Friday, June 19, 2009

According to BBM, Farmers are now Lumberjacks

Effective with the Fall 2008 study, BBM announced a change to their occupation category. What was previous "Farm / Farm Worker" has now been revised to "Working in Primary Industry", which means that crop and livestock producers have been grouped with workers in the forestry, mining and fishing industries.

Their primary reason for this is that agriculture only accounts for 2.1% of jobs in Canada, and this sample size in most cases is too unreliable to obtain useful information. grouping the category to include other primary industries increases the percentage to 3.8% of all Canadians(source StatsCan 2006). From a research methodology standpoint, I understand why it was done. The problem is, what is sound methodology does not always make sound business sense.

Here’s the issue: Primary industries are not a homogenous group. A farmer is different from a fisherman and a forestry worker is something completely different. If they need to be grouped to satisfy someone’s need to be statistically reliable, I have no problem with that. But the data should also be available to be broken out for someone who specifically wants it.

Agriculture, this little 2.1% segment of the occupational market, is a 50 million dollar advertising category. there is even an advertising association (CAMA) devoted specifically to marketing to this one segment, with active chapters in a number of provinces. We make our marketing decisions (hopefully) based upon accurate and usable data. If the sample size is too small, let's look at ways to increase it to be more representative of the importance of the advertising category. But the solution is not to group apples and pears together and call them apples…because the reality is now the data is a Japanese yah pear.

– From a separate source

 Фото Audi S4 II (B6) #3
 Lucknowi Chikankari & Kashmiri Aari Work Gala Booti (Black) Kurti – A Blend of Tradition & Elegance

Subsequent to this, the RTC recommended that the Primary Industry category be broken down further into Agriculture vs. Other Primary Industry. This change will be implemented in the radio diary, but not likely until Fall 2010. At this point, there are no plans to make this change in the TV diary or PPM questionnaire.

While I am thankful that BBM has made a positive move (even they admit this has been a hot button issue), the lack of measurement in metered markets and TV diaries is still acute. In 2008, I myself spent 2 million dollars in TV advertising to farmers, and now, without any current farmer-specific research to prove who's watching what program, it will be extremely difficult to justify to clients.